La aversión de Evangelina Anderson
La aversión de Evangelina Anderson a trabajar con productos de origen animal quedó en evidencia ante el reto

El rechazo de Anderson a la carne no es nuevo. A lo largo del programa dejó en claro en varias oportunidades que le cuesta muchísimo trabajar con productos de origen animal. Sin embargo, esta vez la situación fue más extrema: ver el proceso completo del desposte la afectó y la llevó al límite, incluso confesando que para ella era “una pesadilla”. Aun así, decidió seguir adelante con el desafío y cocinar.

Ya frente al jurado, integrado por Damián Betular, Germán Martitegui y Donato de Santis, Evangelina presentó su plato con un suspiro previo que anticipaba la tensión del momento. El nombre elegido fue “FLIE”, una sigla cargada de emoción. “Es en honor a mis dos hijas y a sus amiguitas”, explicó. “Son mis dos hijas y las dos hijas de Wanda. Se aman, son como hermanas. Son como sobrinas para mí”.

La elección no pasó desapercibida y conmovió a la conductora. “Como una flia que somos”, acotó Wanda, emocionada. El gesto terminó de sellar públicamente la reconciliación entre dos mujeres que supieron ser enemigas durante años y que hoy comparten no solo un programa, sino también un fuerte vínculo familiar a través de sus hijos.

Evangelina Anderson presentó su plato
Evangelina Anderson presentó su plato 'FLIE', con entraña, papines y ensalada tabbouleh, inspirado en sus hijas y las de Wanda Nara

En cuanto a la receta, Evangelina preparó entraña con papines y una ensalada tabbouleh, acompañada por una salsa que evitó llamar chimichurri. “Es una salsita especial”, aclaró, entre nervios y risas. Durante la devolución, el jurado coincidió en que los sabores estaban logrados, aunque marcaron un exceso en la guarnición. “A veces hacer de más perjudica”, reconoció ella misma, tomando nota del aprendizaje.

Martitegui fue directo pero justo: destacó que la entraña estaba “muy sabrosa” y elogió el “dressing Anderson”. Donato, por su parte, celebró la ensalada por su textura, frescura y potencia de sabor. Sin embargo, ambos coincidieron en que al plato le faltaba armonía general. Aun así, hubo un reconocimiento clave por parte de Wanda: “Un voto a favor de Eva con el respeto y profesionalismo que observó la clase que tuvimos, que quizás otra vegetariana hubiera escapado”.

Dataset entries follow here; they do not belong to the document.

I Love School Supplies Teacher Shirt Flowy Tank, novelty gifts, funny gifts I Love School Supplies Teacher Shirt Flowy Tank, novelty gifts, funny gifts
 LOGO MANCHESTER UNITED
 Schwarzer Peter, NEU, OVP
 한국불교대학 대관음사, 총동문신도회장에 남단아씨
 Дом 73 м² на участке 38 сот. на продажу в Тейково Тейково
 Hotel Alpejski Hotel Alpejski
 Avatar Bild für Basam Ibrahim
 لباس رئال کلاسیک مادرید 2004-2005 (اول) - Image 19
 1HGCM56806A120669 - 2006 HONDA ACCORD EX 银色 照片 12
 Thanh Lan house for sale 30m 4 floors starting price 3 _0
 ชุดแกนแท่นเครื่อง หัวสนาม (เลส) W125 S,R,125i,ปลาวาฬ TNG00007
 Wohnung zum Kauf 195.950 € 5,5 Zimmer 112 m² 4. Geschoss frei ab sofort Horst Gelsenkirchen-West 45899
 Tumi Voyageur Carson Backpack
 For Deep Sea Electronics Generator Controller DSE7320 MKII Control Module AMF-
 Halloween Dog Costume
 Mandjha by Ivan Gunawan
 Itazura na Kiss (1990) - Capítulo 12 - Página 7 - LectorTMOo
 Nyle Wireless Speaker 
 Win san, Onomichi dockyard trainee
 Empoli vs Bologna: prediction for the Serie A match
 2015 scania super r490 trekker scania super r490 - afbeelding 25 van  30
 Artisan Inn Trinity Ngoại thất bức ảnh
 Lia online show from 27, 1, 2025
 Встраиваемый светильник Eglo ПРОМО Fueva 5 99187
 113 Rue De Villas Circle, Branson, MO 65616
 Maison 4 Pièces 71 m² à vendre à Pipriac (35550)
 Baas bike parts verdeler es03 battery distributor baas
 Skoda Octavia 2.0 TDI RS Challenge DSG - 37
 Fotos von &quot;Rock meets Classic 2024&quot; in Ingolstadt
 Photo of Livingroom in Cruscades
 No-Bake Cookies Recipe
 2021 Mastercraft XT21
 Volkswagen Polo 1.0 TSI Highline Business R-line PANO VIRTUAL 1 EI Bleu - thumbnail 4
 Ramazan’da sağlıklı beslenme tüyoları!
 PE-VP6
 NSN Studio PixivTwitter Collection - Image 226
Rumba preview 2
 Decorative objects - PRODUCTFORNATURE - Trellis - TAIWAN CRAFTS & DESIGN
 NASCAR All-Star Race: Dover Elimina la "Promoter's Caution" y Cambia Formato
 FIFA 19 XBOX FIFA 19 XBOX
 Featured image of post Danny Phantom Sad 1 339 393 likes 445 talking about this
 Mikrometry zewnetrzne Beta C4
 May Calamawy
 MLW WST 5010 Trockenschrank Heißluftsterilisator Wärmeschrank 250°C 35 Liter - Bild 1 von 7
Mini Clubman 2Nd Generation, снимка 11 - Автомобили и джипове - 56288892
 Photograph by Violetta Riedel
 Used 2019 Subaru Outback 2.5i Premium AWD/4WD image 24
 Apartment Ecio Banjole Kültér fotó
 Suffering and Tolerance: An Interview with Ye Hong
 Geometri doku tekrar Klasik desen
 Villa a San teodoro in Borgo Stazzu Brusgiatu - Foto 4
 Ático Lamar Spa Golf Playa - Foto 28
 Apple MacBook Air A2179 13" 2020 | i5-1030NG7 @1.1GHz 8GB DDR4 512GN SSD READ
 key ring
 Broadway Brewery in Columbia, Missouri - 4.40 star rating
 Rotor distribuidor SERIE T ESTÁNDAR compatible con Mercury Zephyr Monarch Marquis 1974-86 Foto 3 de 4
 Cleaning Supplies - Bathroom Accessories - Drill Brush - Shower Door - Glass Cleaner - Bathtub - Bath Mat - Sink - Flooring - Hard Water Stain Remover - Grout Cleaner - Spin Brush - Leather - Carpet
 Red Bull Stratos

Ese detalle no fue menor. En una jornada atravesada por la incomodidad y la sensibilidad, Evangelina se mantuvo firme y respetuosa, incluso cuando el desafío la desbordaba emocionalmente. “Estoy muy orgullosa de todo lo que aprendí hoy”, dijo, ya más tranquila, aunque sin saber cuál sería el desenlace de la noche. Finalmente, el jurado tomó una decisión que la benefició: Anderson fue salvada en el mano a mano frente a Marixa Balli, asegurando su continuidad en el certamen.